US Central Command (CENTCOM) said American forces were targeting a van believed to be transporting IS fighters that had entered the hospital complex. “The van was struck in what was later determined to be a hospital compound parking lot resulting in possible civilian casualties,” Combined Joint Strike Force, the US-led anti-IS coalition, said in a statement released on Thursday.

This was the second time US warplanes have bombed hospitals in Mosul in December. American officials admitted deliberately bombing Al Salam hospital in Mosul on December 7 after Iraqi military officials requested the strike to eliminate IS fighters who had fired on them from inside the compound. US Air Force Col. John Dorrian, spokesman for the US-led coalition against IS, said at the time that coalition aircraft dropped “precision-guided munitions” in an effort to “eradicate” the IS fighters at the compound. Dorrian also said “it’s very difficult to ascertain with full and total fidelity” that no civilians were killed or injured in the attack.

The US has previously condemned deliberate Syrian government and Russian attacks on hospitals as “barbarism.”

“What Russia is sponsoring and doing is not counter-terrorism, it is barbarism,” US Ambassador to the United Nations Samantha Power said in September 2016. “Instead of pursuing peace, Russia and Assad make war. Instead of helping get life-saving aid to civilians, Russia and Assad are bombing the humanitarian convoys, hospitals and first responders who are trying desperately to keep people alive.”

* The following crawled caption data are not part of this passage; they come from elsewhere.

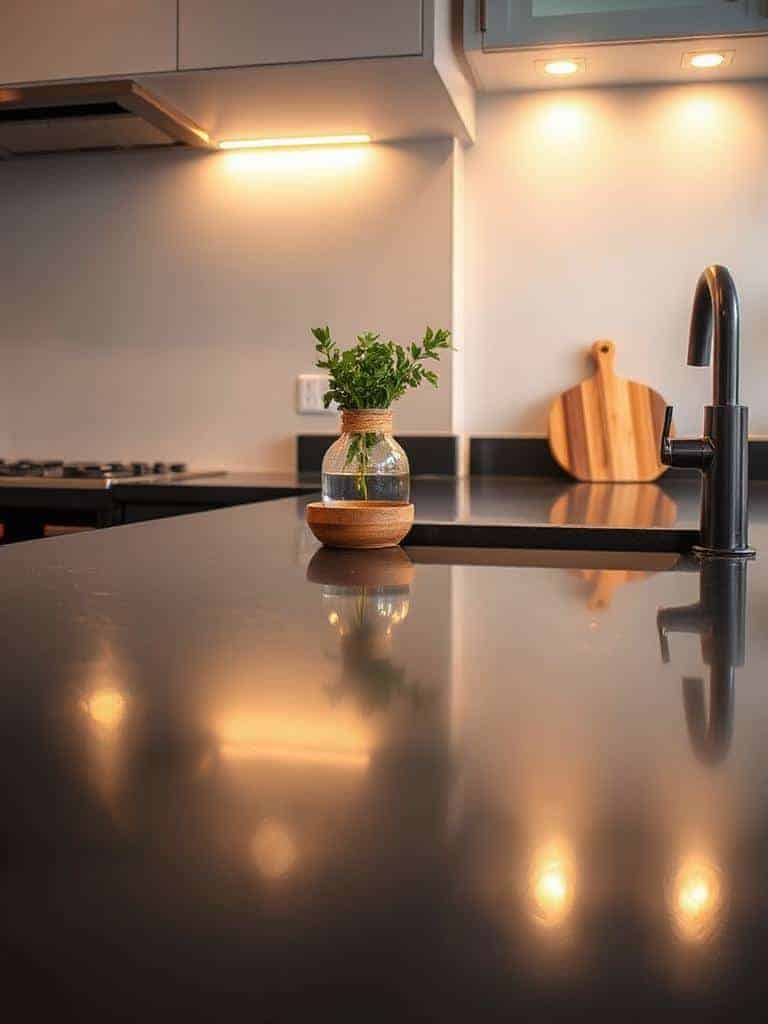warm kitchen glow strips
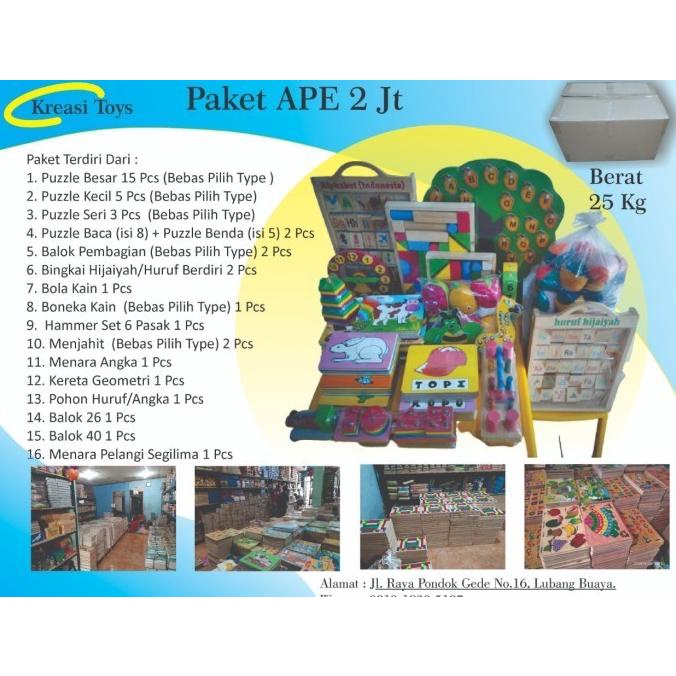 Paket Murah Alat Peraga Edukatif APE PAUD TK [2 juta]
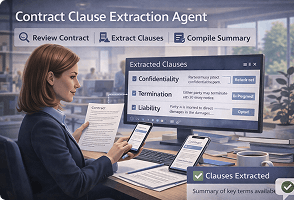 AI agent supporting enterprise legal operations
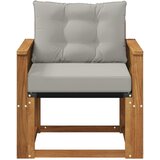  Outdoor Middle Sofa Čvrsto drvo akacije i Textilene | shoptok.hr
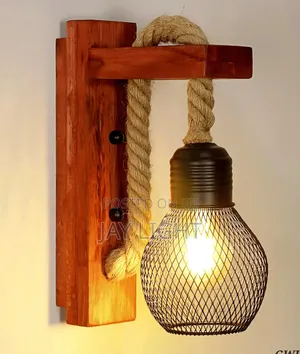 Vintage Wood Wall Lamp Design Personality Retro Living Room Wall Light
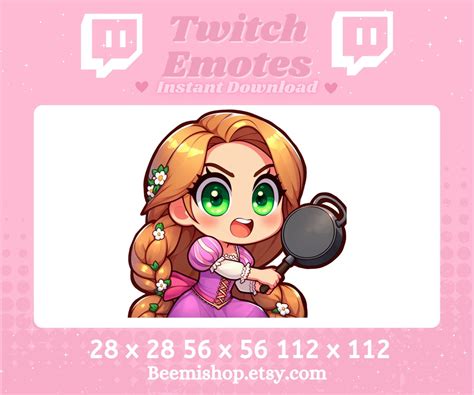 Twitch Emotes Discord Emote Blonde Princess Emotes Pan Fight Mad Cute Twitch Adorable Discord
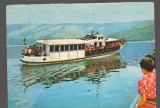 CPIB 24044 - CARTE POSTALA - BICAZ - LACUL DE ACUMULARE, VAPOR, CIRCULATA, 1985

Over the past two years, American, Russian and Saudi Arabian aircraft have bombed hospitals while conducting what their respective militaries called counter-terrorism operations in Afghanistan, Syria, Yemen and Iraq. In October 2015, a US AC-130 gunship attacked a Médecins Sans Frontières (MSF, or Doctors Without Borders) hospital in Kunduz, Afghanistan, killing 42 patients and staff and wounding dozens more. MSF accused the US of firing upon and killing victims as they attempted to flee for their lives, calling the attack a “war crime” meant to “kill and destroy.” The US altered its account of the incident several times, first claiming the strike targeted Taliban militants before admitting no enemy fighters were present at the hospital. Months later, Gen. John W. Nicholson Jr., the incoming commander of US and NATO forces in Afghanistan, apologized for the attack.

On Monday, the US military said at least 188 civilians have been killed in US-led air strikes against IS targets in Iraq and Syria since 2014. However, human rights groups said the actual number of innocent civilians killed by US or allied strikes is much higher, with the monitoring group Airwars counting at least 2,104 civilians killed in some of the more than 17,000 coalition air strikes in Syria and Iraq.

In the wider US-led war against Islamist terrorism, as many as 1.3 million men, women and children were killed during the conflict’s first decade, according to a 2015 report published by the Nobel Prize-winning International Physicians for the Prevention of Nuclear War, Physicians for Social Responsibility and Physicians for Global Survival. Over the past 60 years, the US military has killed more foreign civilians than any other force on Earth, including at least hundreds of thousands — and likely more than a million —  people in Vietnam, Laos and Cambodia in the 1960s and 1970s and hundreds of thousands of Iraqis, at least thousands of Afghans and a lesser number of Syrians, Libyans, Pakistanis, Yemenis and Somalis during the current global anti-terrorism campaign.

In its statement on the December 29 hospital bombing, CENTCOM insisted “coalition forces comply with the Law of Armed Conflict, work diligently to be precise in our airstrikes, and take all feasible precautions during the planning and execution of airstrikes to reduce the risk of harm to civilians.”